I'm not sure what glibc's latest policy is on linking statically, but at least it used to be basically unsupported and bugs about it were ignored. But even if supported, you can't know if it under some configurations or runtime circumstances uses dlopen for something.
Or maybe once you juggle more than X file descriptors some code switches from using `poll()` to using `select()` (or `epoll()`).
My thoughts last time I looked at seccomp: https://blog.habets.se/2022/03/seccomp-unsafe-at-any-speed.h...
This is a problem but fwiw libc's should be falling back to old system calls. You can block clone3 today and see that your libc will fall back to clone.
> A problem with that approach is that libc can after an upgrade decide to start doing syscalls you were not expecting.
That would break capsicum, too, so I don’t see how that’s a problem when “comparing Capsicum to using seccomp in the same way”.
That's the approach I meant by "that approach", the library the parent commenter was talking about writing for a customer. Compare this to Landlock or OpenBSDs pledge/unveil.
Now that Landlock actually is a thing, have you considered writing another followup? Given what I've seen of landlock, I expect it'll be spicy...
I took the bait.
“The goal of Landlock is to enable restriction of ambient rights (e.g. global filesystem or network access) for a set of processes. Because Landlock is a stackable LSM [(Linux Security Model)], it makes it possible to create safe security sandboxes as new security layers in addition to the existing system-wide access-controls. ... Landlock empowers any process, including unprivileged ones, to securely restrict themselves.”

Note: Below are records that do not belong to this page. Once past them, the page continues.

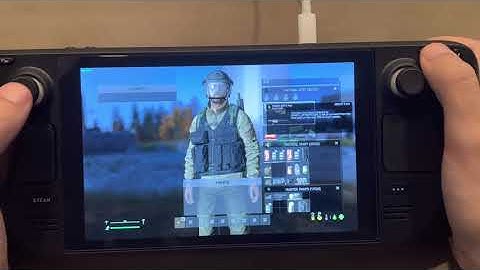 DayZ on Steam Deck playing on a modded server (SteamOS)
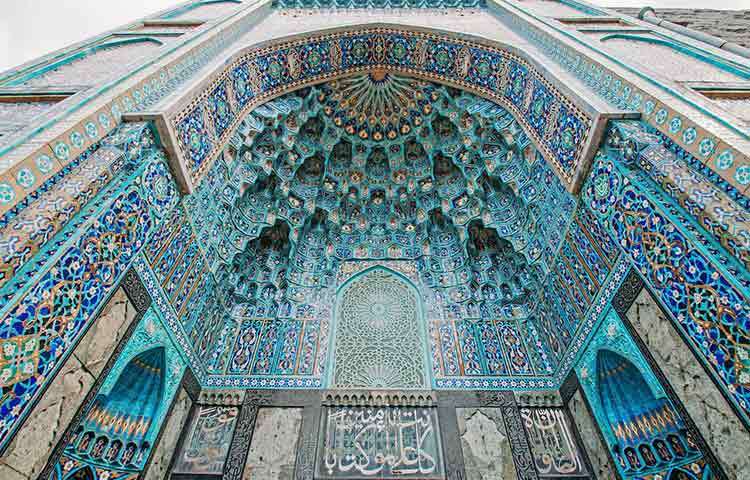 সেন্ট পিটার্সবার্গ মসজিদ। এটি রাশিয়ায় অবস্থিত।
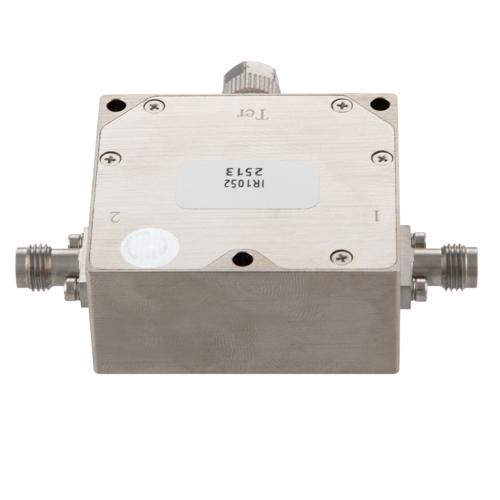 Isolator 2.4mm Female with 12 dB Isolation from 45 to 50 GHz Rated to 20 Watts FMIR1052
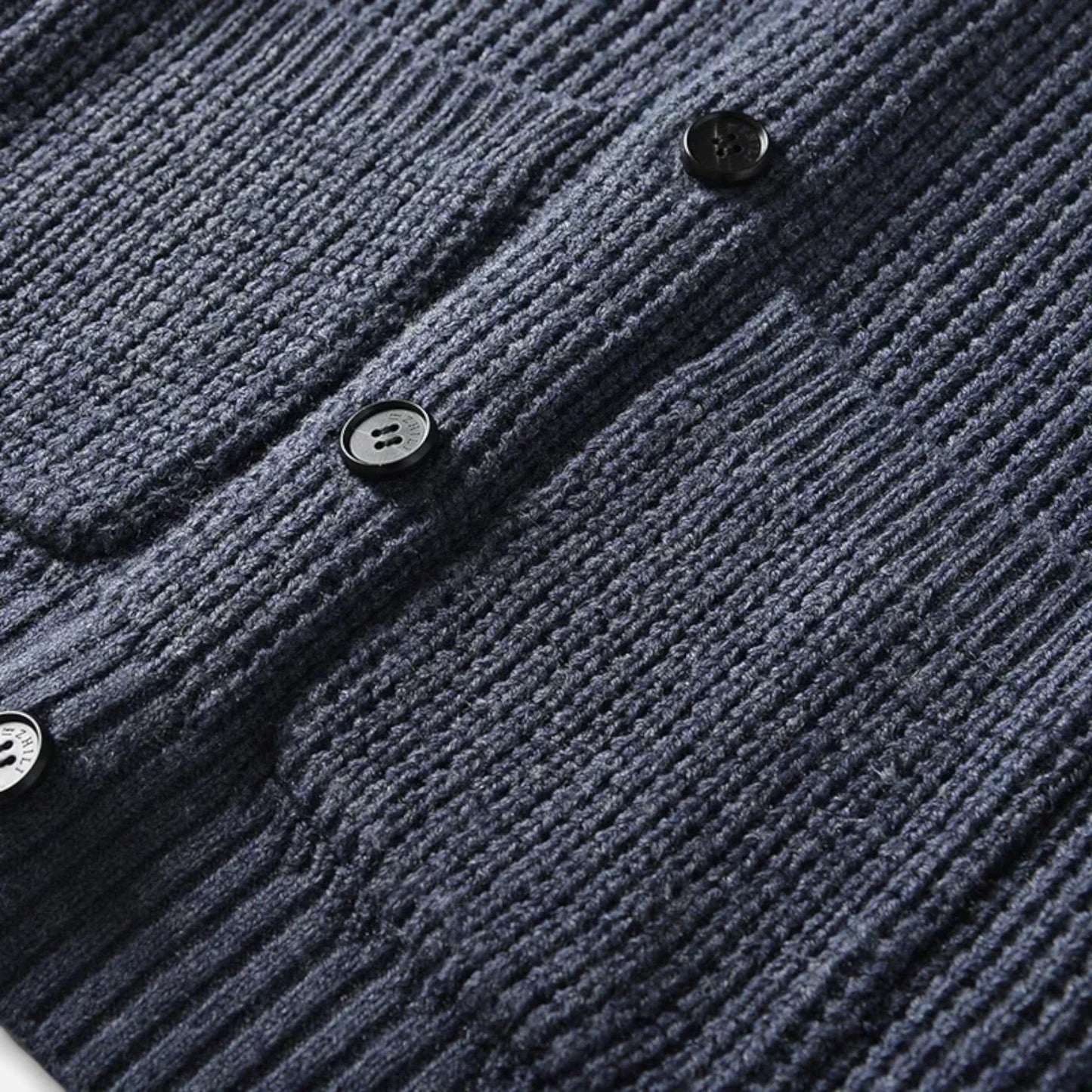 Echwear Men’s Button-Up Premium Wool Cardigan – Classic Slim Fit Style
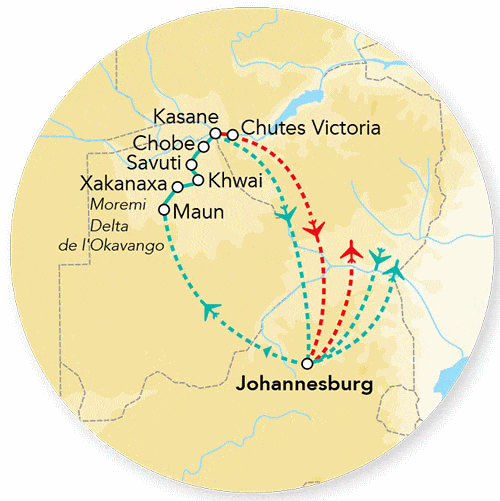 Circuit Immersion au Botswana maun Botswana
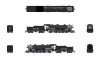 PRE-ORDER: Broadway Limited 10082 - USRA Light Mikado (DC Silent) National of Mexico (NdeM) 2206 - N Scale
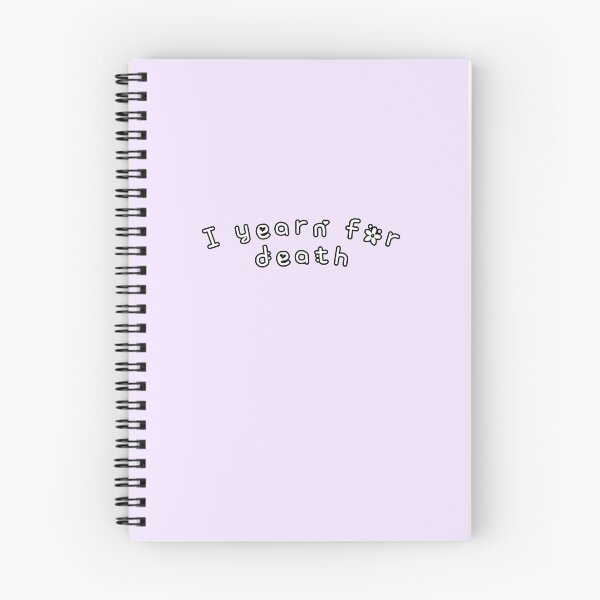 Item preview, I yearn for death designed and sold by everything4eva.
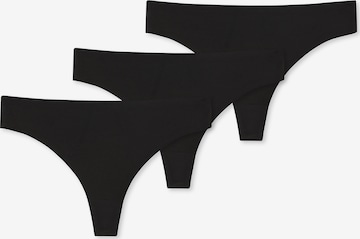 SCHIESSER Thong ' Invisible Soft ' in Black: front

https://docs.kernel.org/userspace-api/landlock.html
I've actually found it pretty fine. It doesn't have full coverage, but they have a system of adding coverage (ABI versions), and it covers a lot of the important stuff.
The one restriction I'm not sure about is that you can't say "~/ except ~/.gnupg". You have to actually enumerate everything you do want to allow. But maybe that's for the best. Both because it mandates rules not becoming too complex to reason about, and because that's a weird requirement in general. Like did you really mean to give access to ~/.gnupg.backup/? Probably not. Probably best to enumerate the allowlist.
And if you really want to, I guess you can listdir() and compose the exhaustive list manually, after subtracting the "except X".
I find seccomp unusable and not fit for purpose, but landlock closes many doors.
Maybe you know better? I'd love to hear your take.
I definitely don't know better, and after taking a few more looks at landlock, I'm not even sure what my objections were, probably got it confused with something else entirely. Confusion and ignorance on my part I guess.
You can make seccomp mimic Capsicum by whitelisting syscalls and checking FD arguments with libseccomp, but that quickly becomes error prone once you factor in syscall variants and helper calls. Read and write take the FD as arg0 while pread and pwrite shift it, and sendfile, splice and io_uring change semantics, and ioctl or fcntl can defeat naive filters, so you wind up with a huge BPF program and still miss corner cases.
Capsicum attaches rights to descriptors and gives kernel enforced primitives like cap_enter and cap_rights_limit, so delegation is explicit and easier to reason about. If you want Linux parity, use libseccomp to shrink the syscall surface, combine it with mount and user namespaces and Landlock for filesystem constraints, and design your app around FD based delegation instead of trying to encode every policy into BPF.